I've been quiet lately. I initiated a life change and decided to practice this change before fully diving into this new way of life. I thought with enough practice I would suddenly feel ready to begin my new life change. Well, this isn’t how it works. I know, from experience, I must begin before I am ready. Just begin. So here it is the beginning. Day one.
The past year I decided to take a fun break. Not step away from life or ritual, but allow for more fun. I finally was well after years of illness and I decided to just let go for a bit and fill my calendar with dinners and walks with friends and my mom, Saturday afternoon chats with my dad before football games, and many other activities that popped up that I grew so accustomed to declining for so long. The fun felt good. It was nice to learn to balance fun on my life scale. But, a few months ago, I started to get an itch. An itch to sit still, again.

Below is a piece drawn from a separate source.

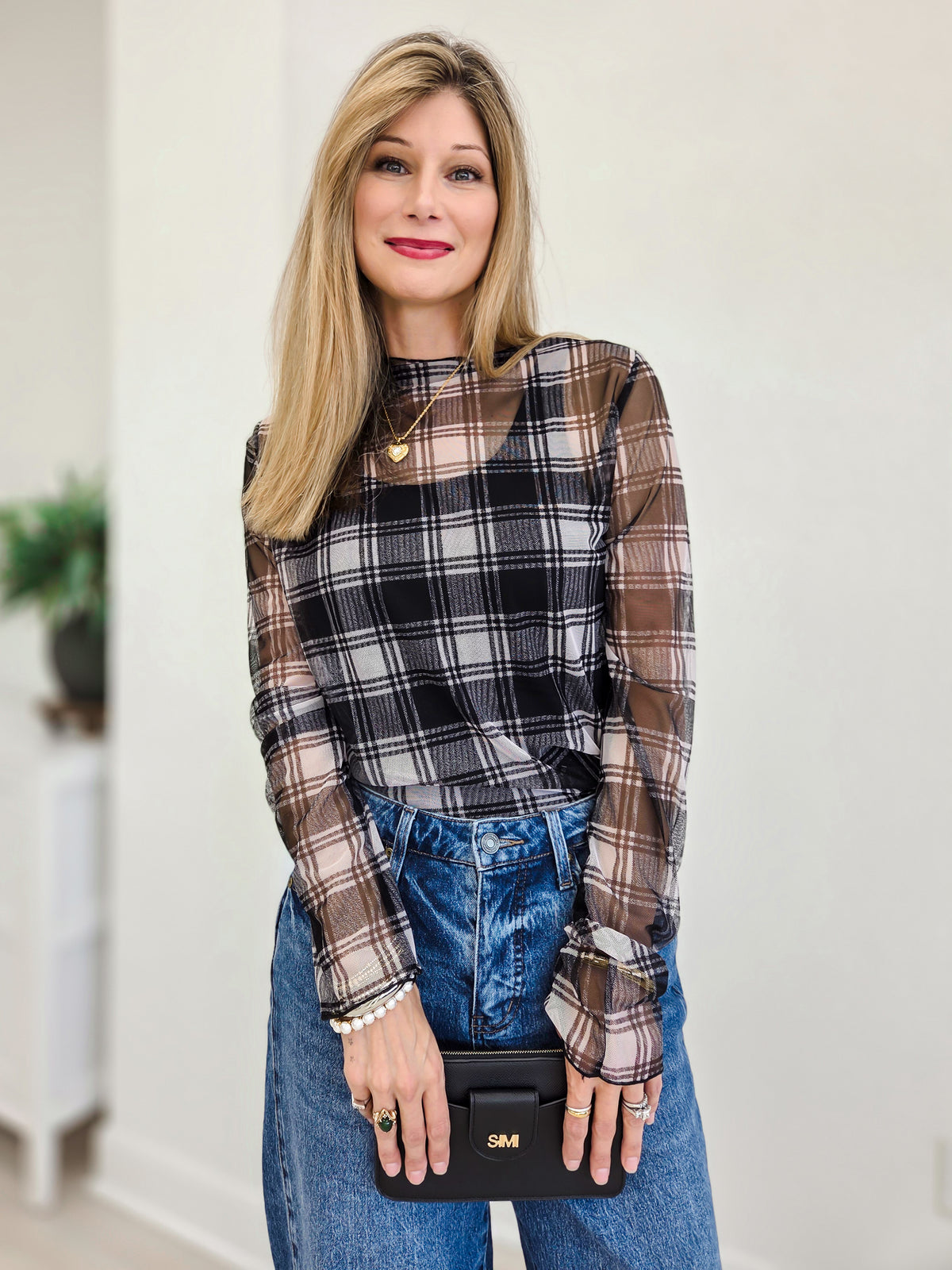 High Neck Long Sleeve Plaid Mesh Sheer Top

I’m not one to paint a rosy picture over ugliness that life can be sometimes, instead I look at the ugly straight on and work to transcend it. And one of the good things about this wheelchair, among all of the bad and hard, is that I am forced to sit still, quite a bit. And forced to still before I am ever ready. This sitting down and sitting still quiets my mind and teaches me to drown out the noise. Without this stillness, I feel lost and out of control.
Before my injury, I was what I call a doer. I always used the catch phrase, I’m so busy. My life is so busy. Busy can be a bit of an obsession and a way I thought I should live. Busy can sometimes be mistaken for living. But it isn’t. It’s just moving from one thing to the next without really thinking or feeling or sitting still long enough to gain insight from the momentum. I started to feel this busy feeling creep up over the last year and I didn’t like it. And while I appreciate and love to incorporate a bit of fun, I also learned the importance of the quiet and the stillness. I feel like I always knew the importance of the stillness, but, once again, I learned the same lesson all over again.

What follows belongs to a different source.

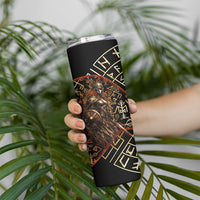 Viking Shieldmaiden and Yggdrasil Skinny Tumbler Norse Rune Circle Mythology Illustration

In this effort to start again, I challenged myself to forty days of a list of new rituals. I added and changed meditations. I renewed my meditation space. I organized my nutrition goals and rearranged my day so it is filled with more silence. And finally, I decided to notice little moments of inspiration and gratitude and joy. And not just notice them, really take them in and think about them and, once again, make inspiration and gratitude and joy a practice. I never really let up my practice completely, but I definitely skipped it a few days and felt the dryness and emptiness that came with the missed practice. I think the best use of this practice of finding the light is when it is found in the darkest of situations. So, I don’t want to paint that rosy picture. I just want to find the moon after I stare into the darkness for a while. Because perfection isn’t the goal. Peace is the goal. Peace when the waves are rough and peace when the waters are calm. This kind of peace only comes with practice and sitting still.

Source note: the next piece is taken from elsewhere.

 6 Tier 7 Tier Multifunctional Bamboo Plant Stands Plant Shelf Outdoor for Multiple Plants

So, I start today, yet again, with a renewed forty days of practice. This isn’t a significant day, just the day I decided to begin before I am ready. I hope this will encourage you to take a bit of time to be still and silent. Even just five minutes. When I feel lost and out of practice and out of sorts, I start with five minutes of quiet. I set the timer on my phone and I sit quietly until it alarms. This simple few minutes jolts me back to where I belong. Just five minutes.
Leondard Cohen had become the poet laureate of those on the road, refusing to stick to any form of settling down, a “gypsy boy” who wouldn’t sit still within any of the expectations we brought to him. But, like many a wanderer, he seemed always to know that it’s only when you stop moving that you can be moved in some far deeper way (“Now I know why many men have stopped and wept,” he writes in an early poem, “Halfway between the loves they leave and seek, / And wondered if travel leads them anywhere”).